**Task goal**. Please copy, exactly and with no pictures, only the lines from the one containing "Orlando, Florida. 30" through the last line of the records.

**Scraped caption text data**.
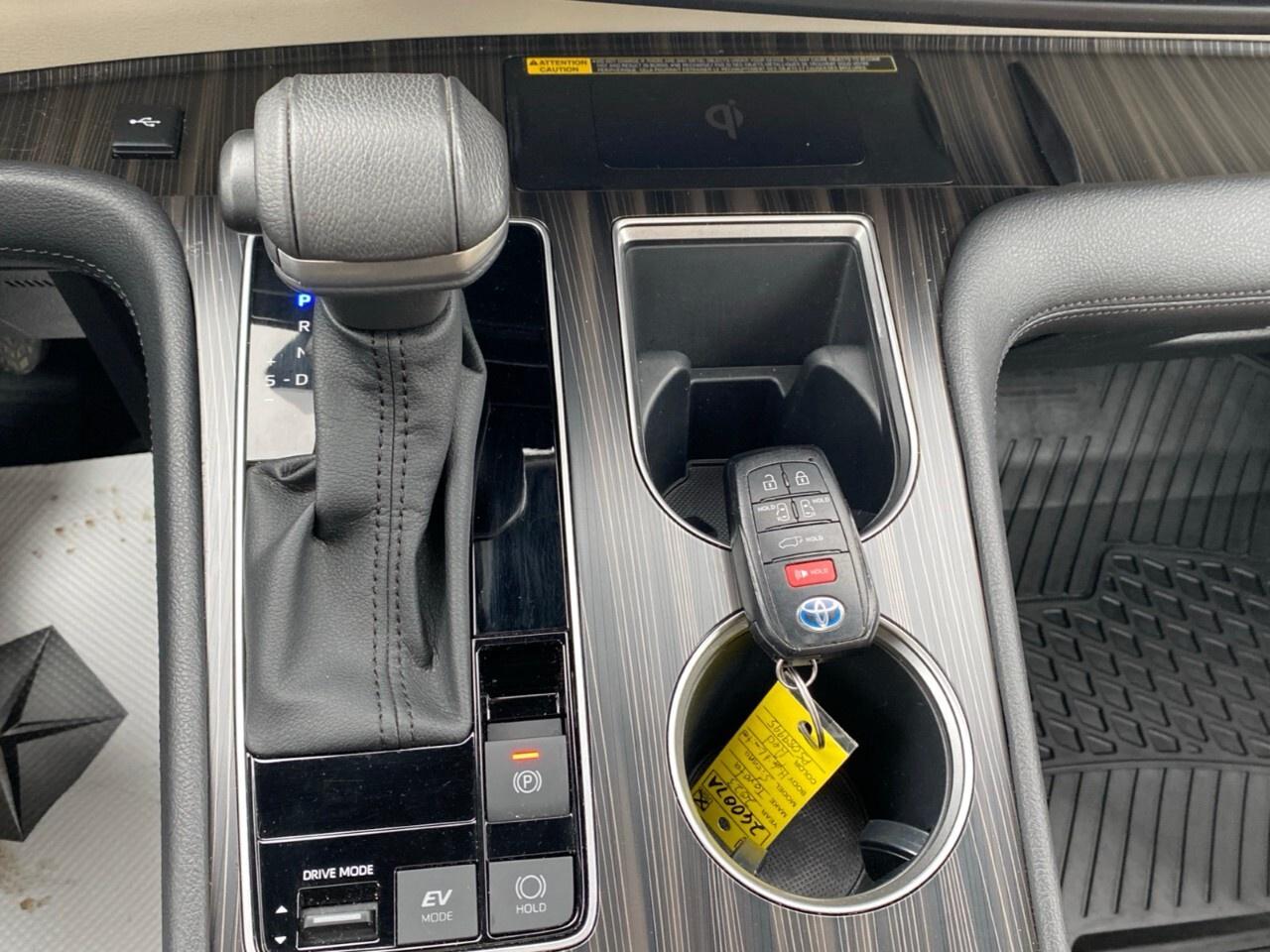 2023 Toyota Sienna LIMITED Photo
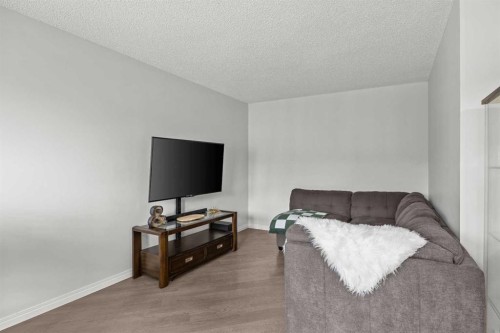 11 Windford Crescent Sw, Airdrie, AB 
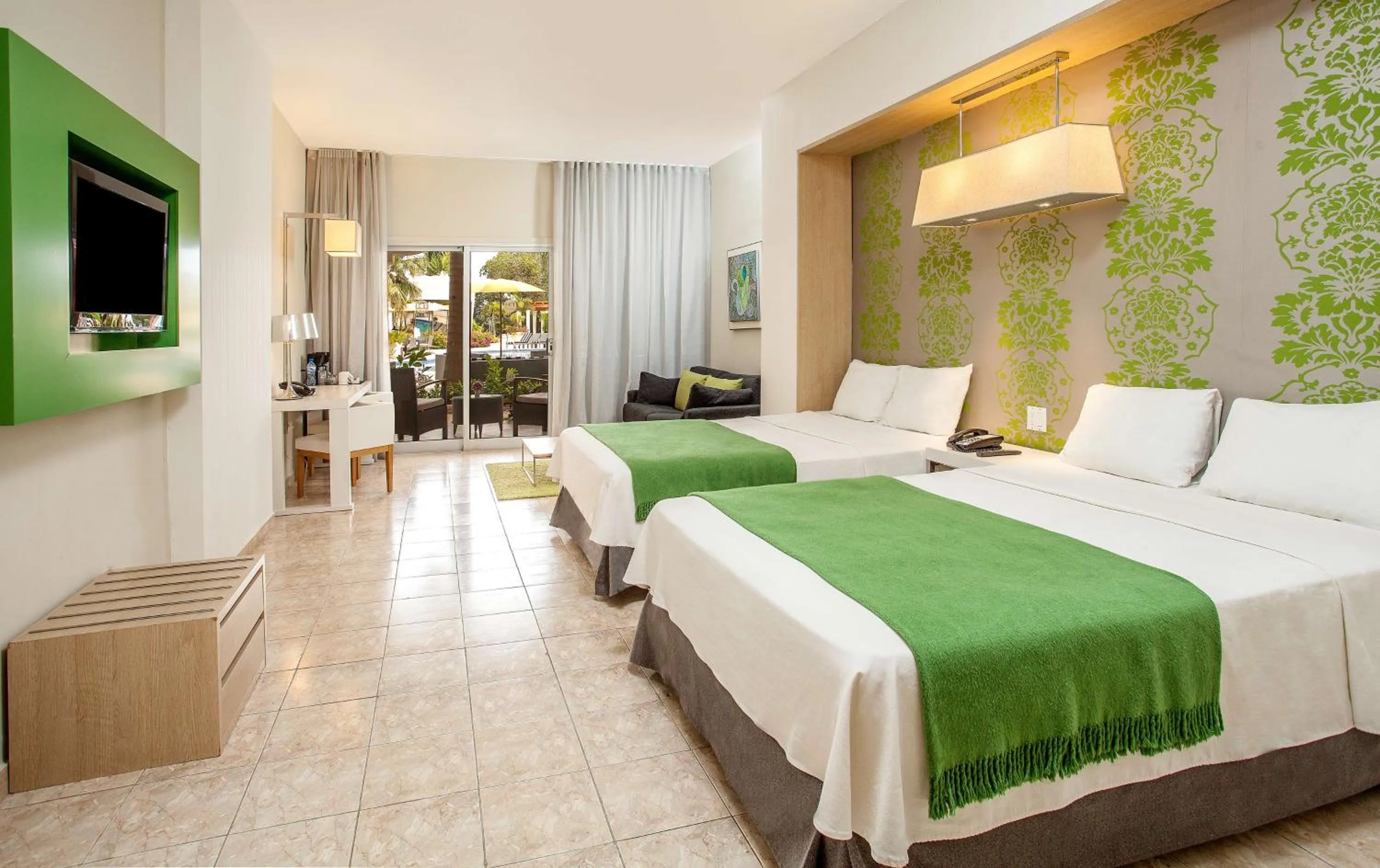 Photo of the whole room in El Rancho Haiti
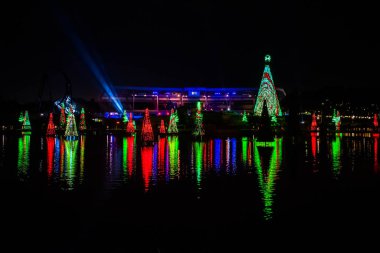 Orlando, Florida. 30 Aralık 2019. Aydınlatılmış ve renkli Noel Ağaçları Denizi ve Seworld 21 'deki Bayside Stadyumu' nun kısmi manzarası.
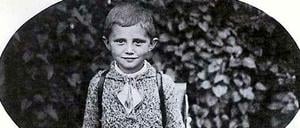 Papst Benedikt XVI. wird am 28. Februar zurücktreten. Hier können Sie seine wichtigsten Lebensstationen in Bildern nachverfolgen. Das Foto zeigt den Schuljungen Josef Ratzinger im Jahr 1932 in Aschau am Inn. Am Tag seiner Rücktrittserklärung würdigte ihn der langjährige bayerische Ministerpräsident Edmund Stoiber (CSU) als „größten Sohn Bayerns“ in der mehr als tausendjährigen Geschichte des Landes.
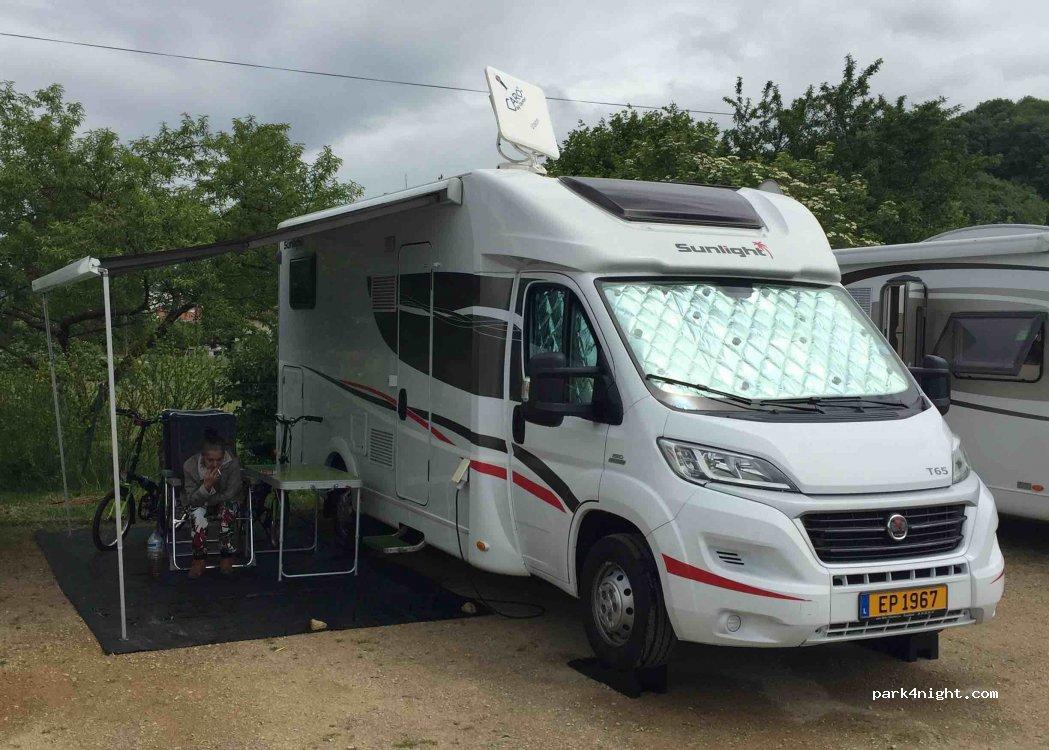 Aire de camping-car et port de plaisance de Dun-sur-Meuse - Foto 5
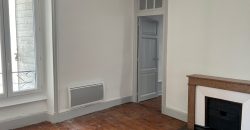 Réf : G549-A5,Appartement T4 rénové,07100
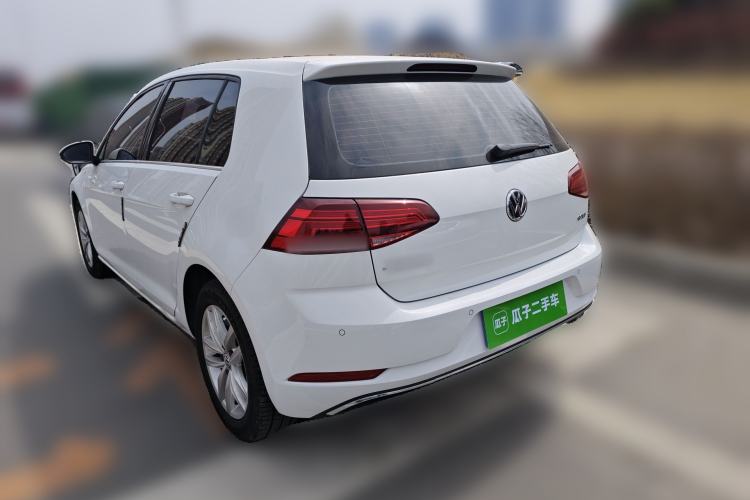 Used Volkswagen Golf 2018 1.6L Automatic Comfort Model Rear Left 45 Deg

**Response below**.
 Orlando, Florida. 30 Aralık 2019. Aydınlatılmış ve renkli Noel Ağaçları Denizi ve Seworld 21 'deki Bayside Stadyumu' nun kısmi manzarası.
 Papst Benedikt XVI. wird am 28. Februar zurücktreten. Hier können Sie seine wichtigsten Lebensstationen in Bildern nachverfolgen. Das Foto zeigt den Schuljungen Josef Ratzinger im Jahr 1932 in Aschau am Inn. Am Tag seiner Rücktrittserklärung würdigte ihn der langjährige bayerische Ministerpräsident Edmund Stoiber (CSU) als „größten Sohn Bayerns“ in der mehr als tausendjährigen Geschichte des Landes.
 Aire de camping-car et port de plaisance de Dun-sur-Meuse - Foto 5
 Réf : G549-A5,Appartement T4 rénové,07100
 Used Volkswagen Golf 2018 1.6L Automatic Comfort Model Rear Left 45 Deg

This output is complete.